The code fragment below illustrates the situation:

-------------------
#define CONSTANT SOME_VALUE
uint16_t my_var = <another_value>;

my_var = ++my_var % CONSTANT;

The assignment may be done before or after the increment.
My reasoning is that the increment operator has higher presedence than
the modulo operator,

Yes, but that's got (almost) nothing to do with it. All precedence and
associativity do is define which operators have which operands [1].
They do /not/ define order-of-evaluation, which is provided by
operator-specific rules, the most commonly applicable rule being
"the order is unspecified"; order of evaluation is defined for
&&, ||, ?:, and the comma operator and that's about it [2].

So in your expression above

my_var = ++my_var % CONSTANT

the grouping is made explicit with

my_var = ((++my_var) % CONSTANT)

The expression `++E` means "compute the value `E+1`, return that as
the value of this expression, and store that value back into the
same location /by the next sequence point/". The time of the update
is loosely specified to allow implementors latitude for efficiency.
The store-back doesn't need to be immediate and it doesn't need to
be before the assignment. (In fact, multiple assignments to a location
with no intervening sequence point /specifically/ results in undefined
behaviour -- all bets are off, the compiler can do whatever it likes.)
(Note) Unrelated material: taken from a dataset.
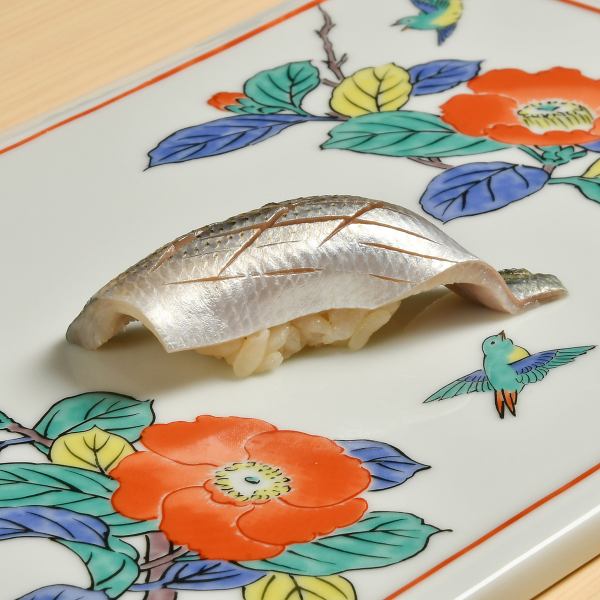 请享用坚持新鲜度的绝妙握寿司。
Why you'd /want/ to write the code above is about as clear as its
meaning:

my_var = (my_var + 1) % CONSTANT;

is, at a guess, what you really wanted.

[1] And strictly, in C, the grammar that defines that doesn't /use/
precedence and associativity, it writes them out longhand; P&A
are just useful shorthands.

[2] Vague feeling that I've forgotten something that I'll remember
just as this post commits ...
 
W

Willem

Asbjørn wrote:
) OK, now I see it. Thanks to you and to Eric!
)
) I'll have to read up on those sequence points.

There's no reason to code it like that anyway. If you just want
the value of my_var plus one, you're better off writing ' (my_var + 1) '.


SaSW, Willem
--
Disclaimer: I am in no way responsible for any of the statements
made in the above text. For all I know I might be
drugged or something..
No I'm not paranoid. You all think I'm paranoid, don't you !
#EOT
 
B

Ben Bacarisse

Asbjørn Sæbø said:
Lint gives me warning about a code fragment, saying that the result is
dependent upon order of evaluation. I fail to see that it can be so.
The code fragment below illustrates the situation:

-------------------
#define CONSTANT SOME_VALUE
uint16_t my_var = <another_value>;

my_var = ++my_var % CONSTANT;

I think it would be better for lint to quote the reason why the above
has undefined behaviour -- an object is being modified twice between
one sequence point and the next. See:
http://c-faq.com/expr/ieqiplusplus.html
My reasoning is that the increment operator has higher presedence than
the modulo operator, and should therefore be applied to my_var before
the modulo operator is applied to my_var, regardless of which side of
the modulo operator is evaluated first. Therefore, order of
evaluation should not influence the result?

Operator precedence does not come into it. The requirement that every
object be modified only once between any two sequence points is
violated no matter what evaluation order is used.